Swift’s SILGen lowers Swift’s AST into SIL, handling closures through a similar lambda-lifting pattern where captured variables become leading parameters of the extracted function. Swift’s capture analysis is more complex because Swift supports mutable captures (capturing a variable by reference), while Ori captures by value.
MLIR pioneered the use of block arguments (block parameters) as the merge mechanism instead of phi nodes. Ori’s ARC IR follows this design — blocks declare parameters, and Jump terminators pass arguments. This representation is now widely considered superior to phi nodes for compiler passes that manipulate control flow.
Design Tradeoffs
SSA construction during lowering vs post-hoc. Ori constructs SSA form during lowering rather than building a non-SSA CFG and then running a dominance-frontier-based phi insertion algorithm. This is simpler and produces well-formed SSA immediately, but it means the lowering pass must handle the merge logic for every control flow construct. The alternative (Cytron-style post-hoc insertion) would decouple control flow lowering from SSA construction, at the cost of an additional pass.
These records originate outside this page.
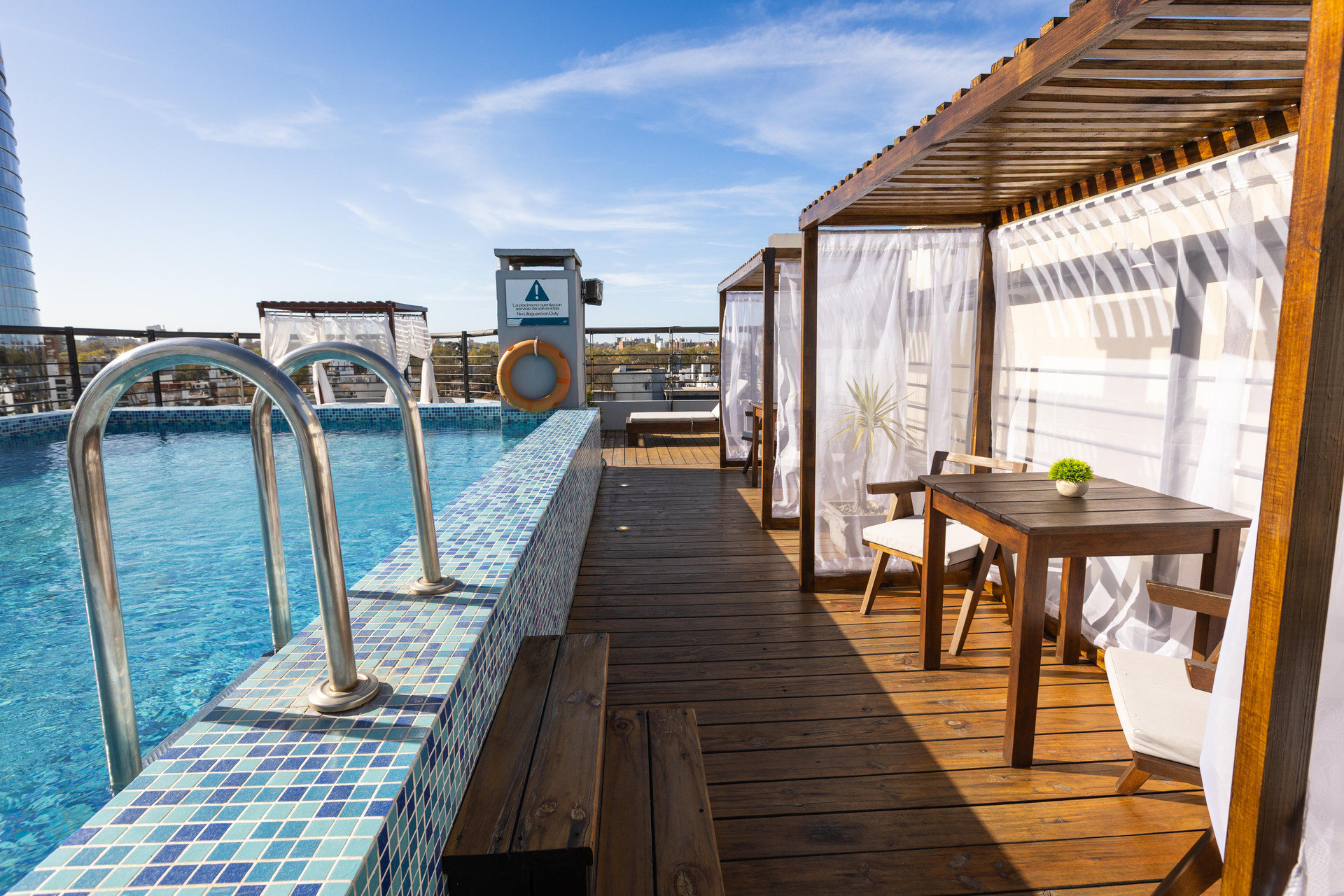 Vista Piscina Palladium Business Hotel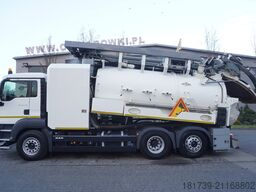 MAN TGM 26.340 E6 / RIVARD sewage cleaner 11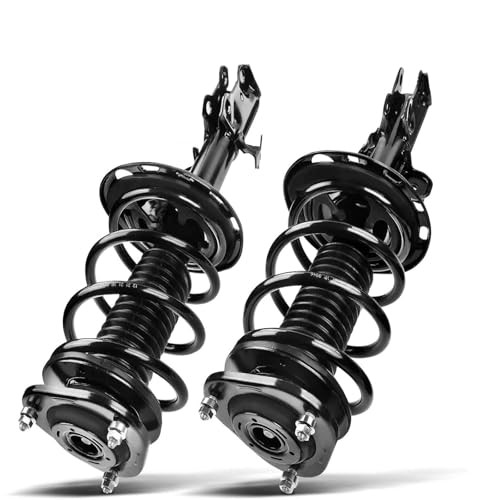 Front Strut & Coil Spring Assembly Replacement 172275 172276 Set Driver &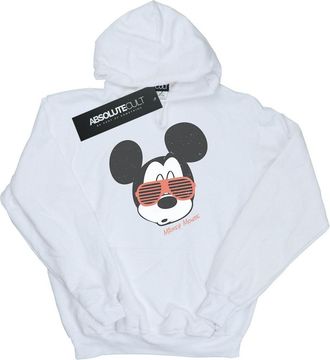 Disney Dames/Dames Mickey Mouse Zonnebril Hoodie (Wit)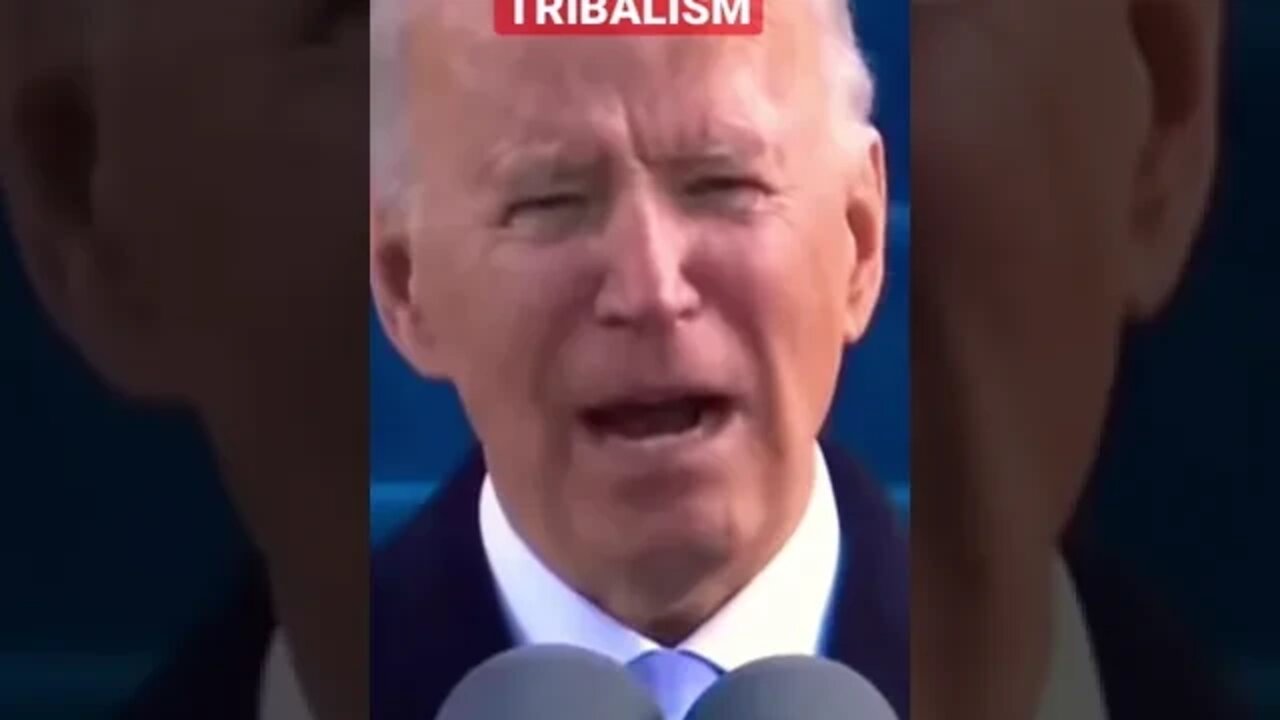 Biden: 2021 The Great Uniter — 2022 The Great Divider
Lambda lifting vs closure conversion. Lambda bodies are extracted into separate ArcFunctions (lambda lifting), with captured variables becoming explicit parameters. The alternative — keeping lambda bodies inline and using a closure representation that the ARC pass can analyze — would avoid the extraction step but complicate every ARC pass (each would need to handle nested function bodies). Lambda lifting simplifies all downstream passes at the cost of the extraction machinery.
Flat lambda list vs hierarchical. Nested lambdas are accumulated into a single flat list rather than a tree reflecting the nesting structure. This simplifies the caller (no recursive traversal needed) at the cost of losing nesting information. In practice, the nesting information is not needed after lowering — each ArcFunction is self-contained with its captures as explicit parameters.
Invoke vs Apply split. The distinction between Apply (nounwind) and Invoke (may-unwind) could be deferred to the LLVM backend (all calls become invoke, and LLVM optimizes away unnecessary landing pads). Making the distinction during lowering allows the ARC pipeline to generate cleaner code for nounwind calls (no unwind edges, no cleanup blocks) at the cost of a classification decision during lowering.